Sir Patrick laissa tomber la conversation pour le moment. Il n’était pas dans son état d’esprit ordinaire.

Depuis que son entrevue avec Anne lui avait démontré qu’elle était la femme légitime de Geoffrey, une conviction inévitable s’était imposée à lui ; il se disait que la seule chance possible d’avenir pour elle serait la mort de cet homme.

Tout horrible qu’elle fût pour lui, cette idée s’était emparée de son esprit, et le poursuivait où qu’il allât, quoi qu’il fît, et malgré tous ses efforts pour changer le cours de ses pensées.

Il considéra le sentier couvert de cendre sur lequel la course devait avoir lieu ; il sentit que cette piste avait pour lui un secret intérêt que sa conscience lui reprochait de ressentir. Il essaya de reprendre la conversation avec son ami et de la mettre sur d’autres sujets. L’effort qu’il fit fut inutile.

En dépit de lui-même, il revenait toujours au sujet fatal ; l’heure de la lutte était proche.

– Combien de fois doivent-ils courir autour de cet enclos ? demanda-t-il.

Mr Speedwell se tourna vers un gentleman qui s’approchait d’eux en ce moment.

– Voici quelqu’un qui vient à nous et qui pourra nous le dire, répondit-il.

– Vous le connaissez ?

– C’est un de mes malades.

– Qui est-il ?

– Après les deux coureurs, c’est le personnage le plus important qui soit ici. C’est l’autorité suprême… l’arbitre souverain de la course.

La personne ainsi décrite était un homme de taille moyenne, ridé, grisonnant avant l’âge, ayant en lui quelque chose de militaire, la parole brève, les manières brusques.

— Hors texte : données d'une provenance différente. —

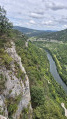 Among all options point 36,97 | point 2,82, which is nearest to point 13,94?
point 2,82

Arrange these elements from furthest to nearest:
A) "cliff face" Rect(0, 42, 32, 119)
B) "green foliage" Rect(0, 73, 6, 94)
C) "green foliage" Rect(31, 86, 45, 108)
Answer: "green foliage" Rect(31, 86, 45, 108)
"green foliage" Rect(0, 73, 6, 94)
"cliff face" Rect(0, 42, 32, 119)

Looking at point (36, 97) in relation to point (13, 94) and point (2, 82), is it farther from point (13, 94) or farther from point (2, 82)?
point (2, 82)

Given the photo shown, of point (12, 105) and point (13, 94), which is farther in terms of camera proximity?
point (13, 94)

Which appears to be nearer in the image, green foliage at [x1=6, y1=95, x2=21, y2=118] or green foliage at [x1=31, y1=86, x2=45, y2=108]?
green foliage at [x1=6, y1=95, x2=21, y2=118]

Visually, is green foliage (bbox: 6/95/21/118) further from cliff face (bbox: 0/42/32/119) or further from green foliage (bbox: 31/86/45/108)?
green foliage (bbox: 31/86/45/108)

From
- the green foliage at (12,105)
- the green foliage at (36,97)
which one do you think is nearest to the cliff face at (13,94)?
the green foliage at (12,105)

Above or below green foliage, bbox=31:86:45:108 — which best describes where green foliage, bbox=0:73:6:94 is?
above

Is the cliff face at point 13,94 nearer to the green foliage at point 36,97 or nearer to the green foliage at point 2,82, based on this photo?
the green foliage at point 2,82

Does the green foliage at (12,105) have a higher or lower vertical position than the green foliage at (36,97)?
higher

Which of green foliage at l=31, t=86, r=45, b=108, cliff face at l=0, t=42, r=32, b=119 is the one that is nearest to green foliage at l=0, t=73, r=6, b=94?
cliff face at l=0, t=42, r=32, b=119

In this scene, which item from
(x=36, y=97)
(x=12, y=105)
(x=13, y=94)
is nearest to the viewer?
(x=12, y=105)

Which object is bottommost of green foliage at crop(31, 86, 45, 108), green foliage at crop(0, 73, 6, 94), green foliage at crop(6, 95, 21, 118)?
green foliage at crop(31, 86, 45, 108)

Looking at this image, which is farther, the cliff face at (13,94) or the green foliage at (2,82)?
the green foliage at (2,82) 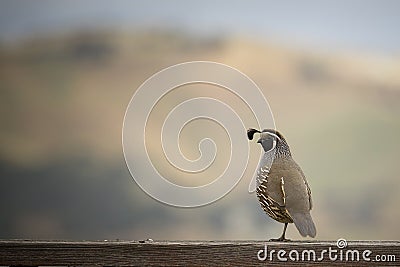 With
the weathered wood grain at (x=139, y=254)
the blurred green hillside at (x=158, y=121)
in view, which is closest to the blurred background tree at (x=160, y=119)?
the blurred green hillside at (x=158, y=121)

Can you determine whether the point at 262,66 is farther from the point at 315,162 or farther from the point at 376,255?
the point at 376,255

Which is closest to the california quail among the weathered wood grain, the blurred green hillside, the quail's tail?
the quail's tail

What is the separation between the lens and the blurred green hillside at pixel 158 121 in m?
2.04

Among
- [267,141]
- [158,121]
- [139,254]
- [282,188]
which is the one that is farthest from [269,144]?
[139,254]

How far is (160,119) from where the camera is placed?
6.82 feet

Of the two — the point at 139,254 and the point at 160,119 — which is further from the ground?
the point at 160,119

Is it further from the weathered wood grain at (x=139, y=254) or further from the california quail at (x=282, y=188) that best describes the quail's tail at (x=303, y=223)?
the weathered wood grain at (x=139, y=254)

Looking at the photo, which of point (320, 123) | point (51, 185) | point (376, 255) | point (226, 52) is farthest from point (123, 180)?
point (376, 255)

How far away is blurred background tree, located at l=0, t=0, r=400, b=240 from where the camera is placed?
80.4 inches

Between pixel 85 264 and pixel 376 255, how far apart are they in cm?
69

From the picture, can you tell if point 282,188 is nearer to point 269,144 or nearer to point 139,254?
point 269,144

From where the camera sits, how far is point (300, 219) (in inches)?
73.6

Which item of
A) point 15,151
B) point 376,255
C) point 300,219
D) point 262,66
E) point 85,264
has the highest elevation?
point 262,66

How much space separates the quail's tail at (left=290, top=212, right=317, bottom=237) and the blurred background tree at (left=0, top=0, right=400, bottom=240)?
0.13 m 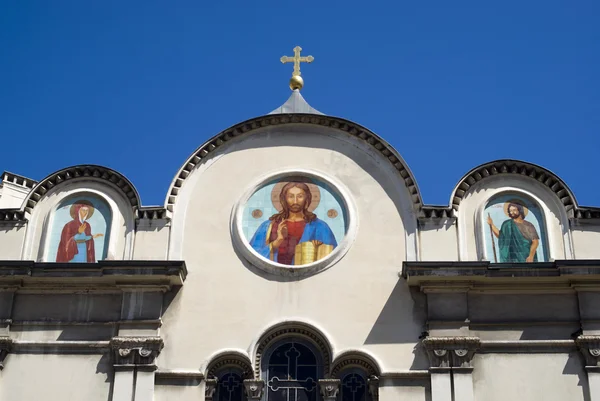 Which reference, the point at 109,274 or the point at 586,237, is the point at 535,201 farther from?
the point at 109,274

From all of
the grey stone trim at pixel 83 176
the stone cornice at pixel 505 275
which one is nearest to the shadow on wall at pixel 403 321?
the stone cornice at pixel 505 275

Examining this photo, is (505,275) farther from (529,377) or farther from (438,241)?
(529,377)

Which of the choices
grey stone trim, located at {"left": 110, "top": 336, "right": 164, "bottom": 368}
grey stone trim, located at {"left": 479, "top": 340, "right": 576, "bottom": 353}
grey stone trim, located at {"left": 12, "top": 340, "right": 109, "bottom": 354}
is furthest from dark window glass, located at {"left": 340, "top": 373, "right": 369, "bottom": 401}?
grey stone trim, located at {"left": 12, "top": 340, "right": 109, "bottom": 354}

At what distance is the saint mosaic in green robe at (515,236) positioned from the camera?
22.7 metres

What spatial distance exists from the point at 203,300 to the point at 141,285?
55.7 inches

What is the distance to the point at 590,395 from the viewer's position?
20891 mm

– La piste mesure 400 mètres de tour, dit-il, quand le chirurgien lui eut répété la question de sir Patrick ; en termes plus clairs et pour ne pas vous renvoyer à votre arithmétique, chaque tour est d’un quart de mile ; chaque tour s’appelle un lap. Les coureurs doivent fournir seize laps pour arriver au terme. Et pour vous éviter encore des calculs, ils doivent courir la distance de 4 miles, c’est la plus longue distance d’usage dans les courses de ce genre.

– Les coureurs professionnels n’excèdent-ils pas cette limite ?

– Considérablement, en certaines occasions.

– Les gens de cette profession ont-ils une longue existence ?

– Bien loin de là. C’est une rare exception quand ils arrivent à la vieillesse.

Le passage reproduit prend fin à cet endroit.